BOX 3. Prospects for Pumping China’s Offshore Fresh Water Reserves

• In late 2013, a report published in Nature (Post et al., 2013) broke new ground by confirming that “vast meteoric groundwater reserves” (VMGRs) were actually quite common in coastal waters throughout the world. Collectively, these seabed aquifers may hold an estimated 500,000 cubic kilometers of groundwater. For some sense of scale, “the volume of this water resource is a hundred times greater than the amount we’ve extracted from the Earth’s sub-surface in the past century since 1900,” according to Dr. Vincent Post, lead author of the study.

• One of these large continental shelf aquifers sits off China’s coast under the East China Sea. At least some of these local offshore groundwater stocks had been known previously. In Zhejiang Province’s Shengsi Island, for example, the provincial government has already begun operations to pump seabed groundwater. With the increasing sophistication of offshore drilling technology associated with the energy industry, harvesting seabed groundwater in even hard-to-access areas of the continental shelf under the East China Sea appears within the realm of technological possibility in the not-so-distant future.
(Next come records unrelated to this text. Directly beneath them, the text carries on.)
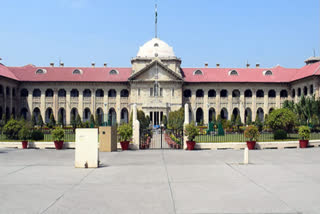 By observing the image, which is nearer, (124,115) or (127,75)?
(127,75)

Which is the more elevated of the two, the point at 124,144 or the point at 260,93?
the point at 260,93

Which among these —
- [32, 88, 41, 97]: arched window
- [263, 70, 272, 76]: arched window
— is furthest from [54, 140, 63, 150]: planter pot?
[263, 70, 272, 76]: arched window

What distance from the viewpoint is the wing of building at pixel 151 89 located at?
5619 cm

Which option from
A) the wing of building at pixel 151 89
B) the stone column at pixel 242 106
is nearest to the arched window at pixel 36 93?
the wing of building at pixel 151 89

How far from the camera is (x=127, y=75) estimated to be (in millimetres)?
58469

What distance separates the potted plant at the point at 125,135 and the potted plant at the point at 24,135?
697 centimetres

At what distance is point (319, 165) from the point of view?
575 inches

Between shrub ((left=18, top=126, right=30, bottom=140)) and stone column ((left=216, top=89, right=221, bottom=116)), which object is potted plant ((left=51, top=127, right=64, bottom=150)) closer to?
shrub ((left=18, top=126, right=30, bottom=140))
The prospects of pumping offshore groundwater are appealing for eastern Chinese cities because in addition to diversifying supply streams for urban fresh water, it may reduce burden on aquifers sitting under dry land, easing groundwater compaction problems in Shanghai, Beijing, and other major cities.
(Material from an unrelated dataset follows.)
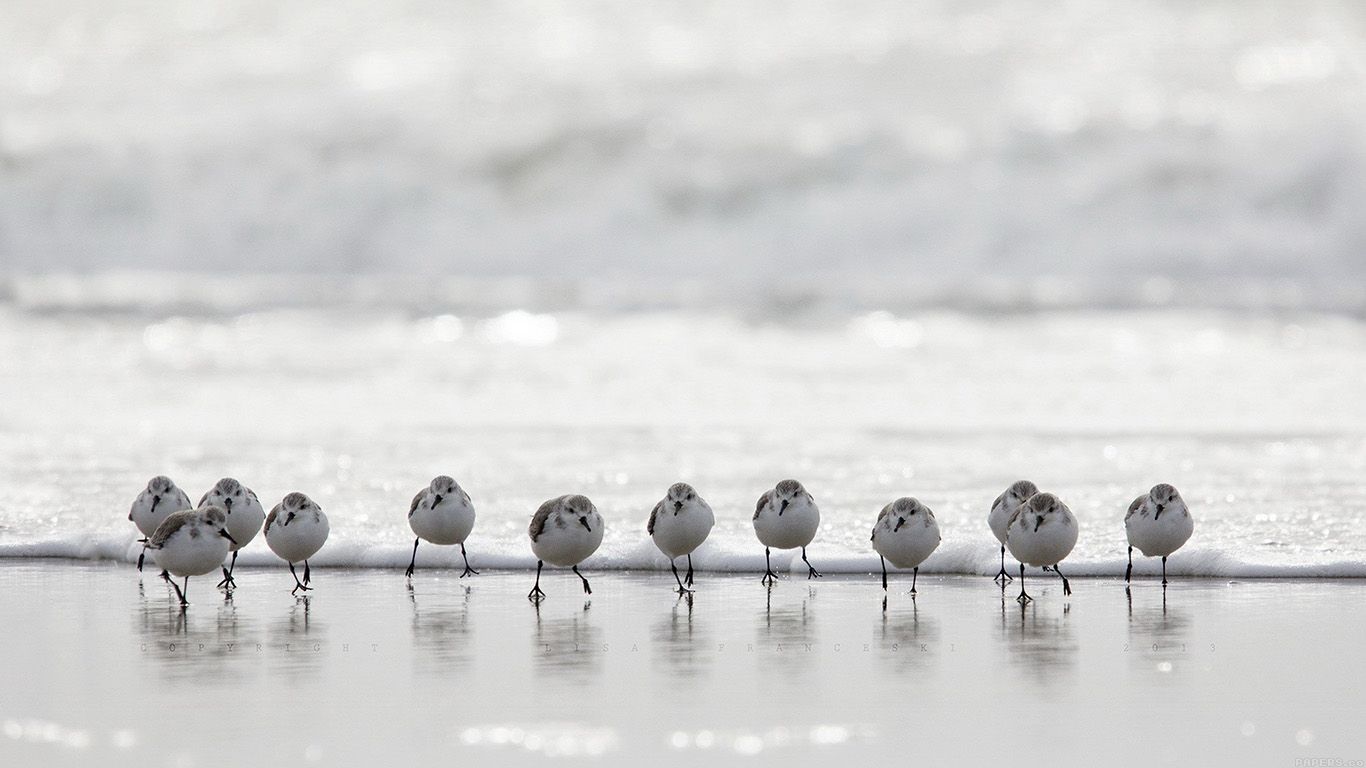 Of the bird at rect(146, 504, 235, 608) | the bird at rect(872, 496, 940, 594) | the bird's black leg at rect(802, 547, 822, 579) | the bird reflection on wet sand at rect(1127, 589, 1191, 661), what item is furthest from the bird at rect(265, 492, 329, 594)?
the bird reflection on wet sand at rect(1127, 589, 1191, 661)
• Lost in the hubbub to date has been discussion of how much energy would be required to successfully extract and desalinate deep-lying seabed groundwater supplies and move them to where they are needed. VMGR water supplies can be harvested using offshore platform drilling into the continental shelf below or by drilling from nearby islands. While not as saline as regular saltwater—and therefore possibly only 20 percent as energy- intensive to desalinate as regular seawater—VMGR water will nevertheless require some degree of energy to purify for human use (Chen, 2014).

• While these groundwater stocks could help provide water to some large coastal cities for decades, centuries, or even longer, such projections are far from certain and more research is needed as to the volume of the water and economical ways to extract it. Regardless of where the truth actually lies, these offshore supplies will in time likely emerge as part of a patchwork approach to meet growing water demand in China’s thirstiest cities, as well as in other water-stressed coastal areas of the world. As China’s issues with urban water scarcity grow more severe, it may be that any water supplies within Chinese territory—onshore or offshore—must be harvested at any cost, making the energy resources needed to obtain these supplies a distant second consideration.